While the court of appeals erred by declaring void the trial court's order granting Sabrepoint's TCPA motion, it correctly reversed the trial court's order granting Sabrepoint's motion for summary judgment based on collateral estoppel. Because collateral estoppel is the basis for the summary judgment motion and a basis for the TCPA motion, the doctrine's application to this case will be at issue on remand. Accordingly, in the interest of judicial efficiency, we will address its application here. See Royston, Rayzor, Vickery, & Williams, LLP v. Lopez, 467 S.W.3d 494, 499 (Tex. 2015) (“[I]n the interest of judicial economy we also consider [petitioner's] other potentially dispositive issues instead of remanding them to the court of appeals.”).
“We review summary judgments de novo, taking as true all evidence favorable to the nonmovant, and indulging every reasonable inference and resolving any doubts in the nonmovant's favor.” Weekley Homes, LLC v. Paniagua, 691 S.W.3d 911, 915 (Tex. 2024) (quoting Barbara Techs. Corp. v. State Farm Lloyds, 589 S.W.3d 806, 811 (Tex. 2019)).

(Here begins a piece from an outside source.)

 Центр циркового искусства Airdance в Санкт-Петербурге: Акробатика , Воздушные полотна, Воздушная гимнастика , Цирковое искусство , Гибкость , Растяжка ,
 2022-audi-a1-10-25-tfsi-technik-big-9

To establish entitlement to summary judgment based on an affirmative defense—like collateral estoppel—the defendant must conclusively establish each element of its affirmative defense. Draughon v. Johnson, 631 S.W.3d 81, 87–88 (Tex. 2021). The nonmovant must then present evidence raising a fact issue. Centeq Realty, Inc. v. Siegler, 899 S.W.2d 195, 197 (Tex. 1995). We review issues of collateral estoppel de novo because collateral estoppel's application “is a question of law.” Reynolds v. Quantlab Trading Partners US, LP, 608 S.W.3d 549, 557 (Tex. App.—Houston [14th Dist.] 2020, no pet.).

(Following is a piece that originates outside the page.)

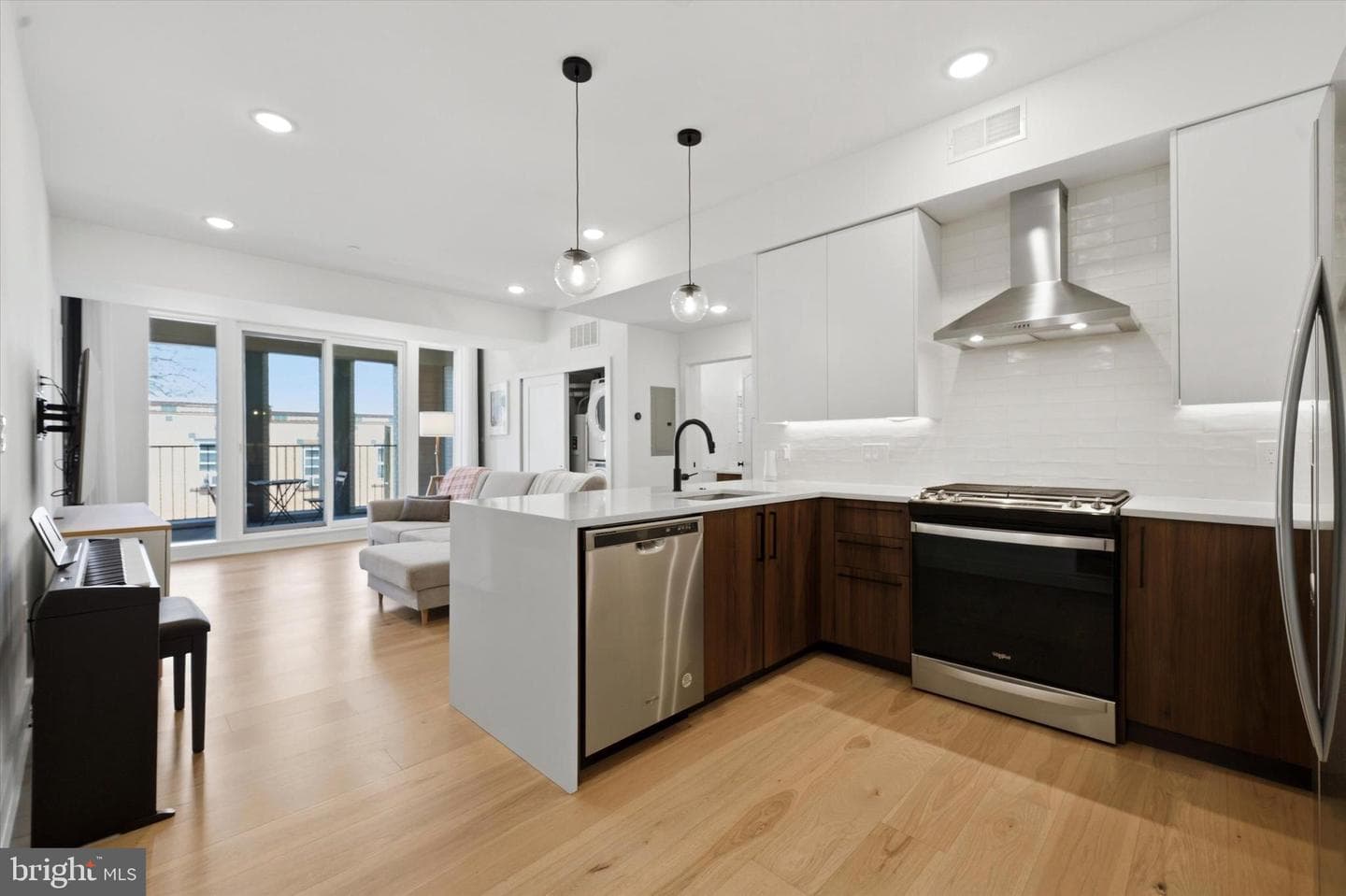1723 Francis Street #3f photo 6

Collateral estoppel, also known as issue preclusion, bars parties from relitigating identical issues of fact or law in multiple lawsuits. Van Dyke v. Boswell, O'Toole, Davis & Pickering, 697 S.W.2d 381, 384 (Tex. 1985); see also Quinney Elec., Inc. v. Kondos Ent., Inc., 988 S.W.2d 212, 213 (Tex. 1999) (“[T]he basic function of collateral estoppel [is] to prevent a party from relitigating an issue that the party previously litigated and lost.”). By focusing on the issues being litigated instead of entire claims, collateral estoppel is “more narrow” in scope than the related doctrine of res judicata or claim preclusion. Van Dyke, 697 S.W.2d at 384. Specifically, collateral estoppel prevents the same “ultimate issue of fact” from being litigated in more than one suit. Bonniwell v. Beech Aircraft Corp., 663 S.W.2d 816, 818 (Tex. 1984). In so doing, collateral estoppel promotes judicial efficiency, protects parties from multiple lawsuits, and prevents inconsistent judgments. In re USAA Gen. Indem. Co., 629 S.W.3d 878, 883 (Tex. 2021).
A party must establish several elements to prevail under the doctrine of collateral estoppel.8 First, the party asserting the defense must show that the issue as to which it seeks to estop relitigation is the identical issue litigated in the other case. Getty Oil Co. v. Ins. Co. of N. Am., 845 S.W.2d 794, 802 (Tex. 1992); see also Johnson & Higgins of Tex., Inc. v. Kenneco Energy, Inc., 962 S.W.2d 507, 521 (Tex. 1998) (holding that “the issue decided in the first action must be ․ identical to the issue in the pending action” for collateral estoppel to apply); Sysco Food Servs., Inc. v. Trapnell, 890 S.W.2d 796, 802 (Tex. 1994) (requiring “proper[ ] identifi[cation]” of the issue as to which the party seeks to estop relitigation). When, as here, this element is in dispute, courts must carefully analyze the ultimate issues to be proven—i.e., the factual issues and “essential elements of the claims”—being asserted in the different actions. Ctr. Equities, Inc. v. Tingley, 106 S.W.3d 143, 153 (Tex. App.—Austin 2003, no pet.); see also Tex. Dep't of Pub. Safety v. Petta, 44 S.W.3d 575, 577 (Tex. 2001) (holding that collateral estoppel bars claims when “the facts necessary to establish [those] claims” are “the same facts” found in a previous case). The party asserting the defense bears the burden to “map” the previous findings onto the claims asserted, demonstrating how the findings and issues actually litigated in the first action will be determinative of the claims asserted in the second action. In re Calvert, 913 F.3d 697, 701 (7th Cir. 2019); see also Trapnell, 890 S.W.2d at 802 (holding that the defendants “had the burden of pointing out the issue they wished to be estopped”).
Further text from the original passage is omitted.